▶ _Extracted records_:
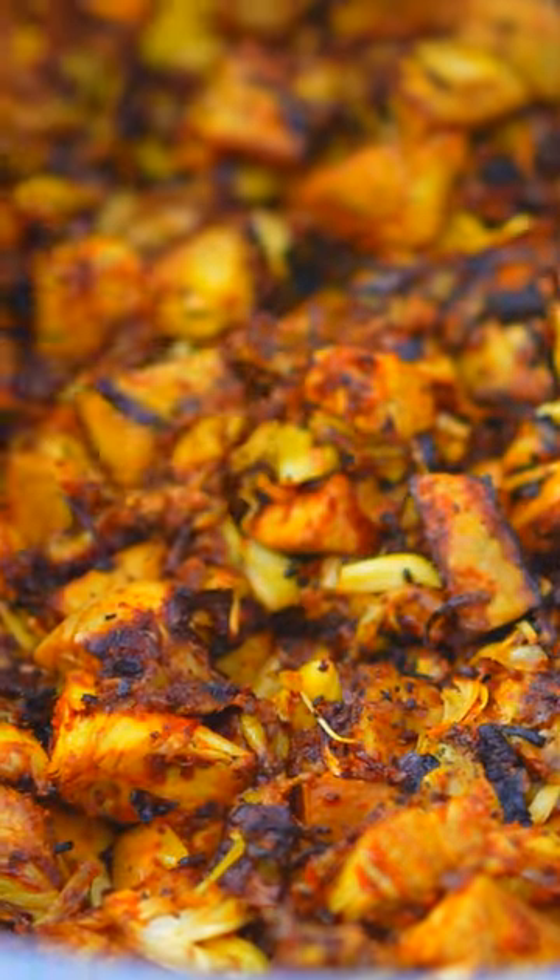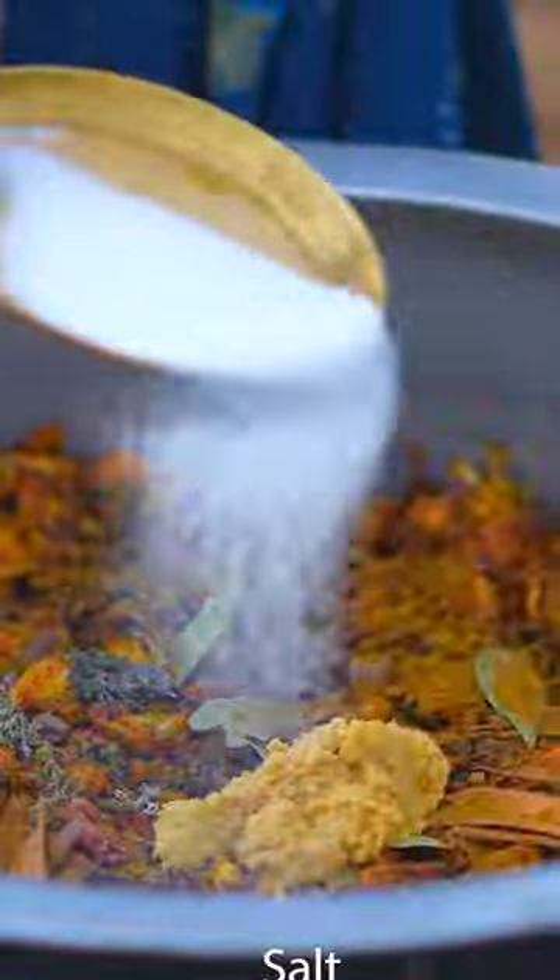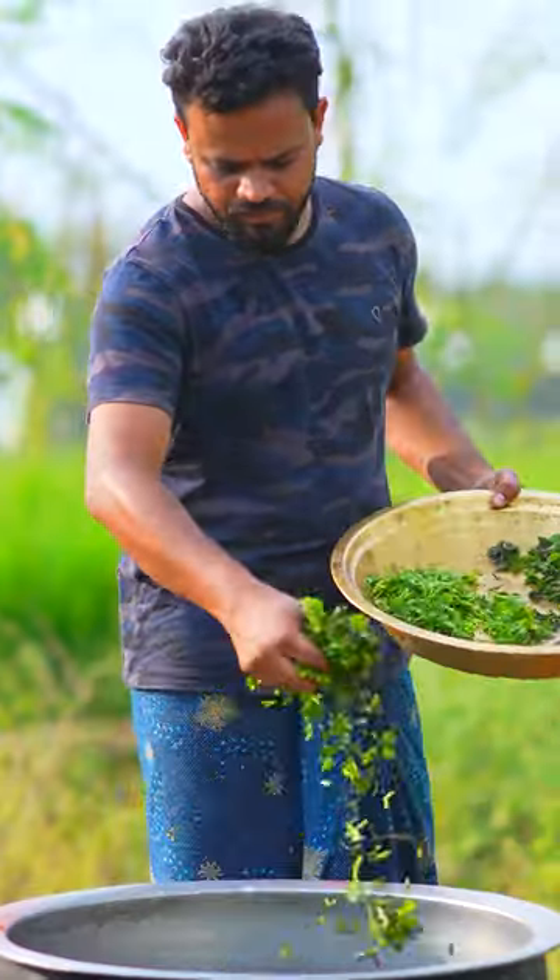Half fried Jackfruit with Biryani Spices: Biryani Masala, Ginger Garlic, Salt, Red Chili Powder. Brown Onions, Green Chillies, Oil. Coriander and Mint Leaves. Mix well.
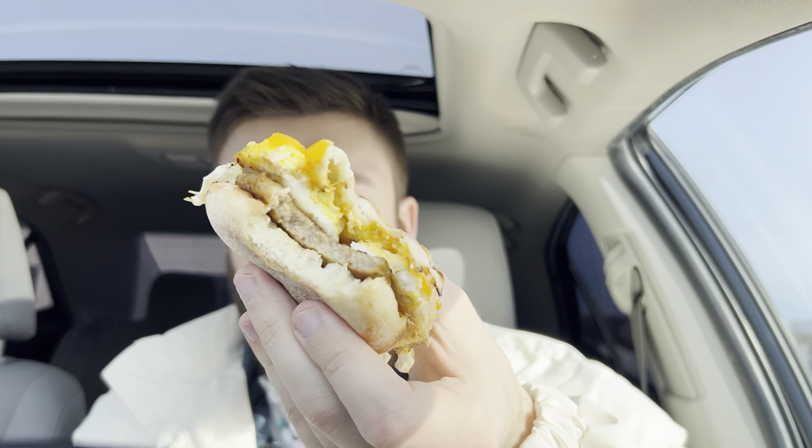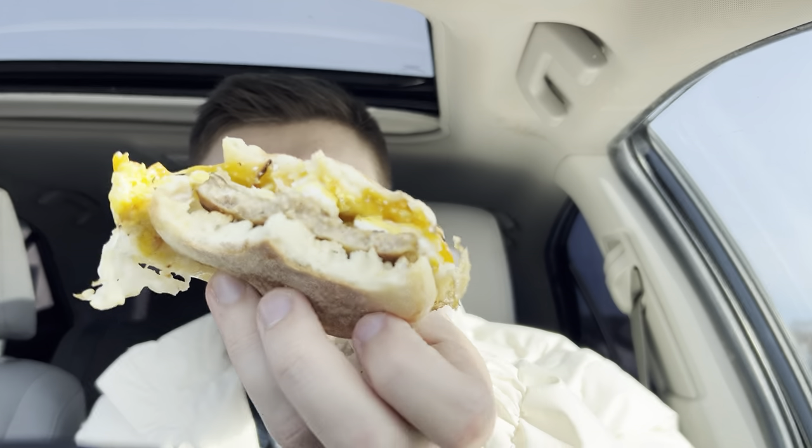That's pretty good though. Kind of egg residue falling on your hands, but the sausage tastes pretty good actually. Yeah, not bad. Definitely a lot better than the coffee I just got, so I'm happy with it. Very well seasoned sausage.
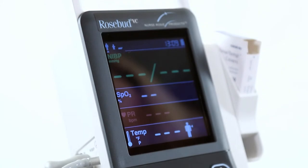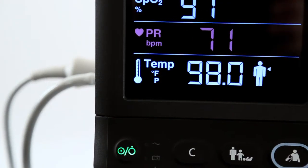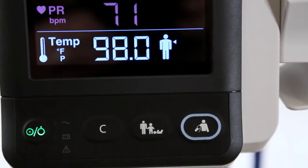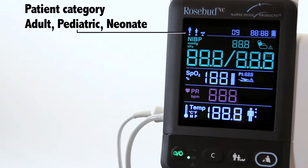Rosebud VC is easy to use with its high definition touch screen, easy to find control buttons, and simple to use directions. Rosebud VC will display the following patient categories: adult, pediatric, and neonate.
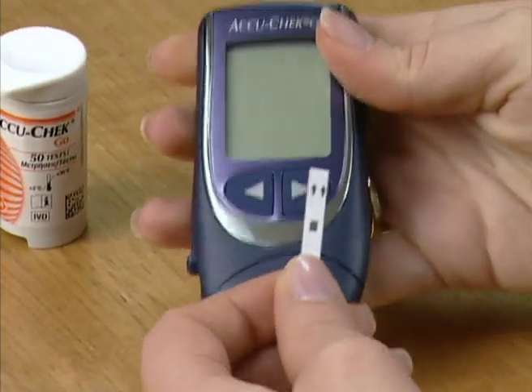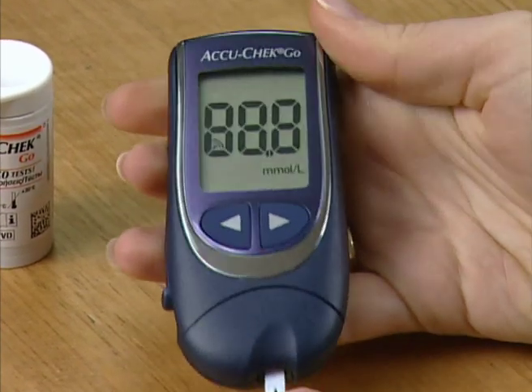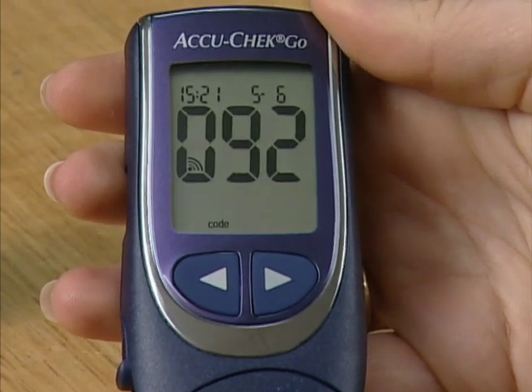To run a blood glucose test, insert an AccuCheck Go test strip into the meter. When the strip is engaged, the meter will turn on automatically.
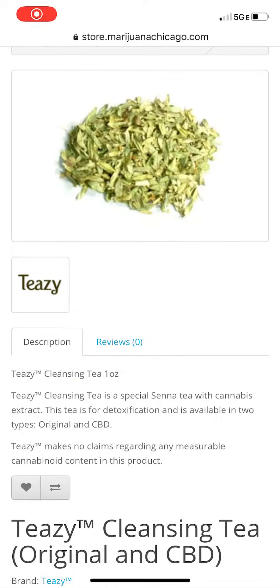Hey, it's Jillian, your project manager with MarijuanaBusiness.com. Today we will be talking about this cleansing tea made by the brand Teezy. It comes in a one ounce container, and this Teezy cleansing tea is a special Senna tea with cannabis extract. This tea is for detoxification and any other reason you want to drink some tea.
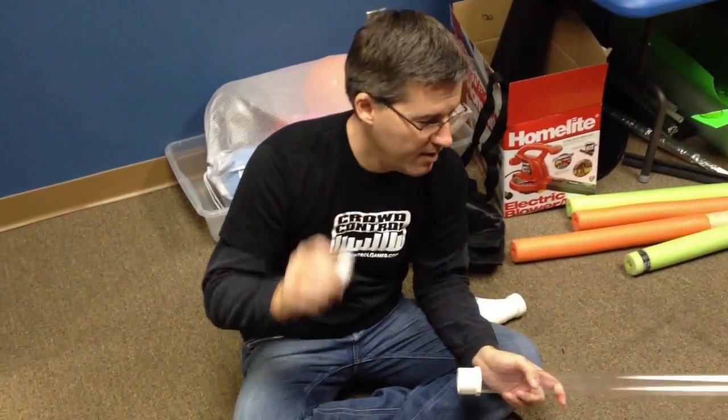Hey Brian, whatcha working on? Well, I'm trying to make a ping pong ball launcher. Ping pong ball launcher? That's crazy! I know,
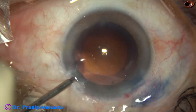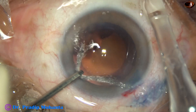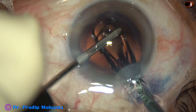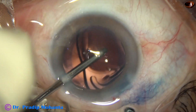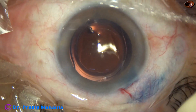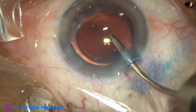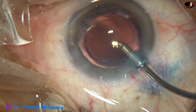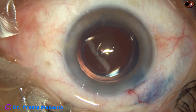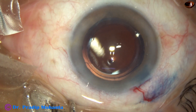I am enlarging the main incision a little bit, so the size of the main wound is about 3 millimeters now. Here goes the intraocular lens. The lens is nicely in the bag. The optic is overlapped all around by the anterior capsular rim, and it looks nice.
--
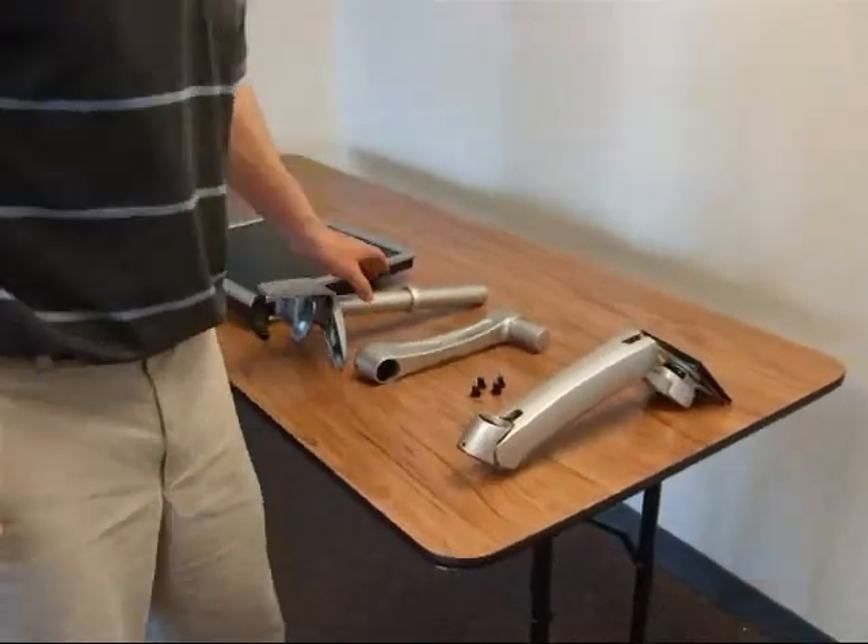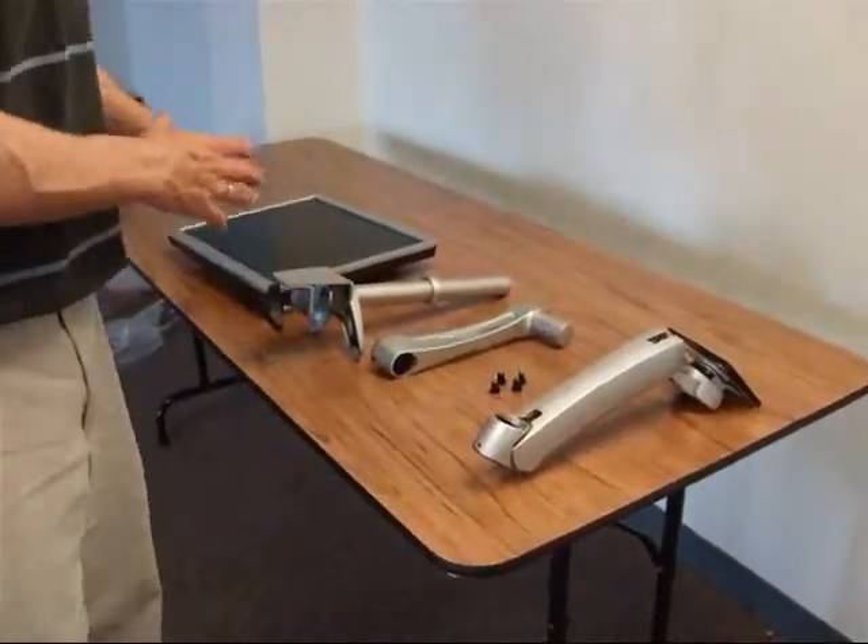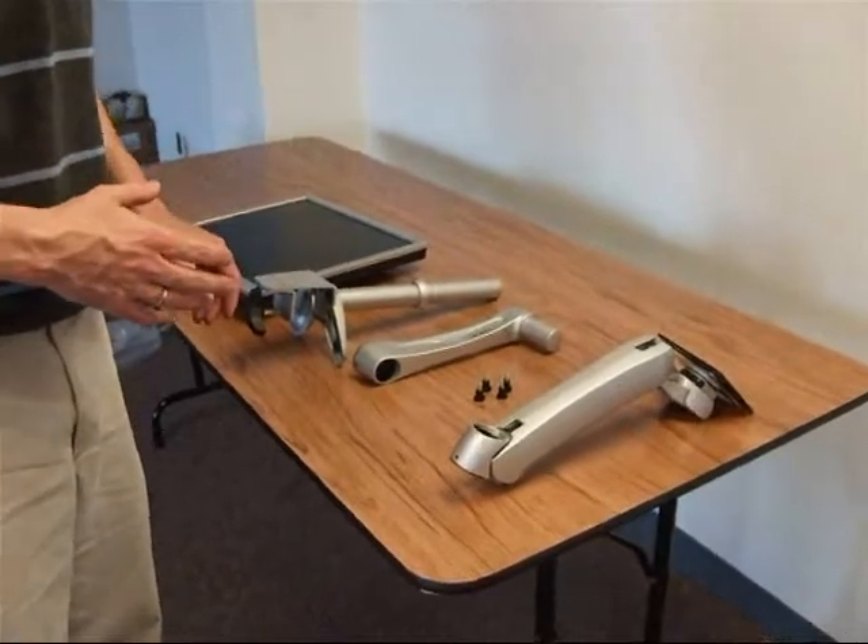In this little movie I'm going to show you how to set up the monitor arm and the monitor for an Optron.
---
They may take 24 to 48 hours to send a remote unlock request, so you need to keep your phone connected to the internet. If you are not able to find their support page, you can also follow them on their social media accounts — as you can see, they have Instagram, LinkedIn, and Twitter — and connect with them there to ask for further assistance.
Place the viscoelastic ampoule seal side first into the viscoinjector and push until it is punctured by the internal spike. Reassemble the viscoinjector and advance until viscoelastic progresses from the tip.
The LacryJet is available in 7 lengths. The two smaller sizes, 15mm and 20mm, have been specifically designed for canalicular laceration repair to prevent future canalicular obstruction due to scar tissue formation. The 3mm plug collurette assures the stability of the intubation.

▶ _Required action_: Please output exactly the lines between the one holding "They may take" and the one holding "Place the viscoelastic" in the records above, inclusive, and nothing more.

▶ _Solution_:
They may take 24 to 48 hours to send a remote unlock request, so you need to keep your phone connected to the internet. If you are not able to find their support page, you can also follow them on their social media accounts — as you can see, they have Instagram, LinkedIn, and Twitter — and connect with them there to ask for further assistance.
Place the viscoelastic ampoule seal side first into the viscoinjector and push until it is punctured by the internal spike. Reassemble the viscoinjector and advance until viscoelastic progresses from the tip.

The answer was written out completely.